The same problem exists with in-house legal departments. It often comes up under the guise of “General Counsel succession planning.” Some HR genius or snazzy consultant must have recently written a book on succession planning because it seems to be everywhere. And while succession planning for the senior executive team makes sense, law departments are typically quite small so the pool of existing employees who could become the GC may be populated by as little as one or two candidates.
The 2009 recession certainly complicated this matter as retirement nest eggs dropped in dollar value by 50% or more. This had the effect of delaying retirement for many General Counsel. Here we are seven years later and presumably most retirement investments have rebounded nicely and perhaps even grown further, so “what’s the holdup, old fogeys?” Get on out of here!
If you talk to a financial planner, you may gain some insight into the problem. My wife and I recently went through this exercise with our financial planner and found that he expected us to live to be 90. Frankly, I think that number is too low. If one looks at the advances in healthcare in the last 10 years that have extended physical health and imagines how many more advances will take place in the next 10 to 15 years, it’s easy to project a life expectancy of age 95—and with the possibility to travel and stay active well into your 80s, if not longer. So if one retires at age 65, that requires financing 30 years of retirement, including the possible desire for 20+ years of dream vacations, country club memberships, weekend getaways, concerts and other events. Even the youngest lawyers typically began work at age 25. So let’s do the math (work the numbers, people). Can we work 40 years and expect to save and invest enough to finance 30 more years of a fulfilling existence on this wonderful planet? Great question…

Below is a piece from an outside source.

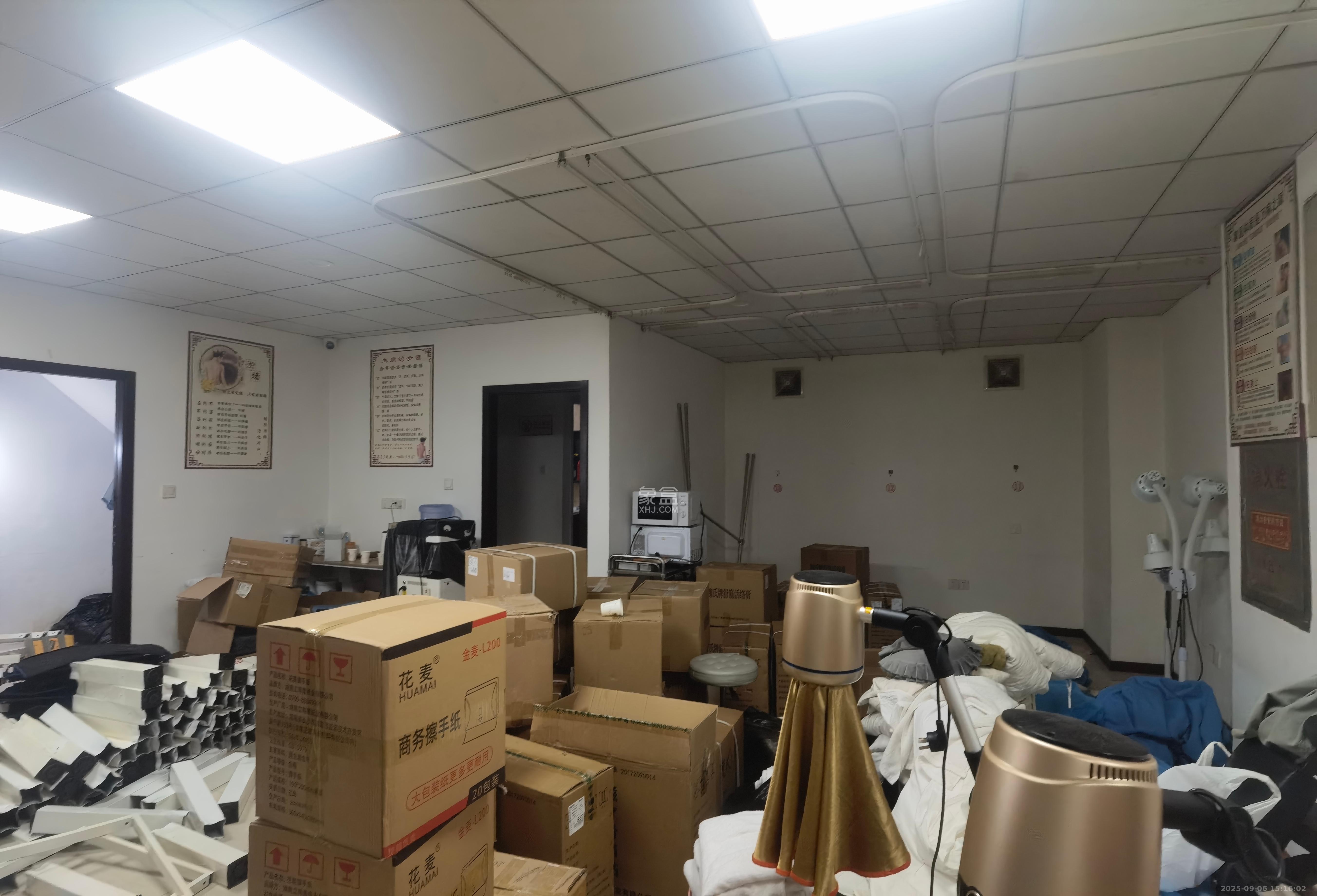 四方小区综合楼（四方嘉丽）   192.94㎡      18000.0元/月室内图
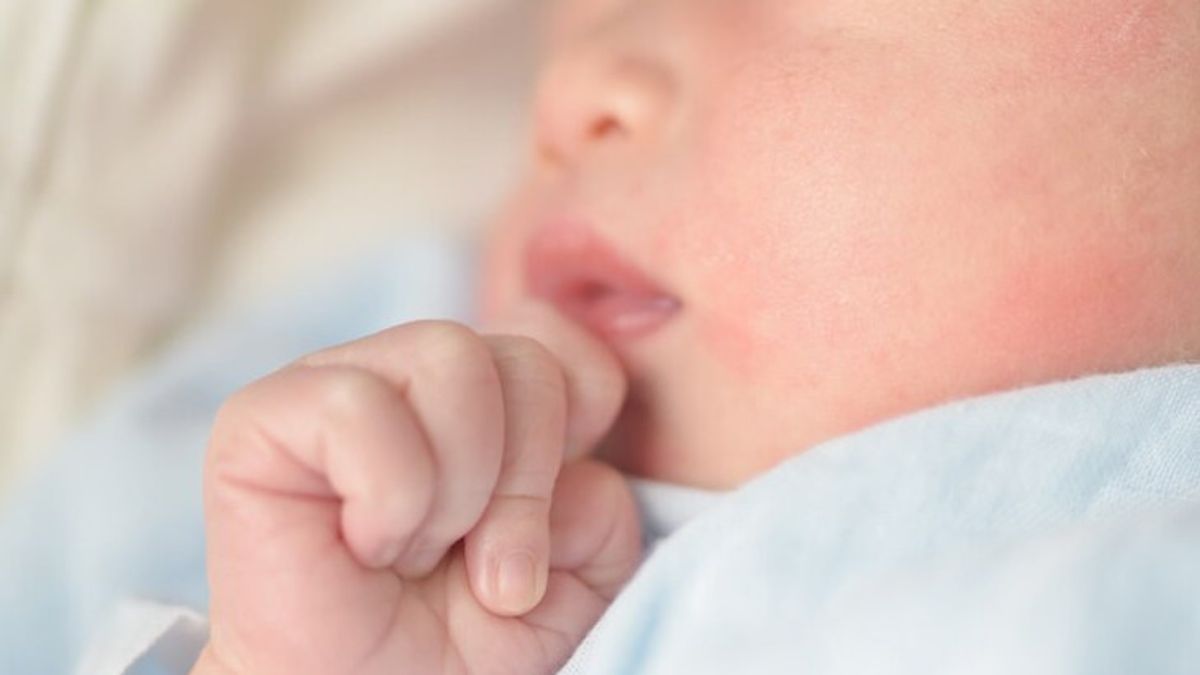 Initial: Naturellement contagieuse, l’histoire d’un bébé de 19 mois atteint du cancer des ovaires stade 3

In addition to the question of financing retirement, an equally serious question arises around what one does for another 30 years. My grandmother used to jokingly tell my grandfather, “I married you for better or worse but not for lunch.” How low can a golf handicap get? How many sets of tennis can an 85-year-old play on an 80 degree day? How many grandchildren can one babysit for one’s children and for how long? See, the numbers just abound.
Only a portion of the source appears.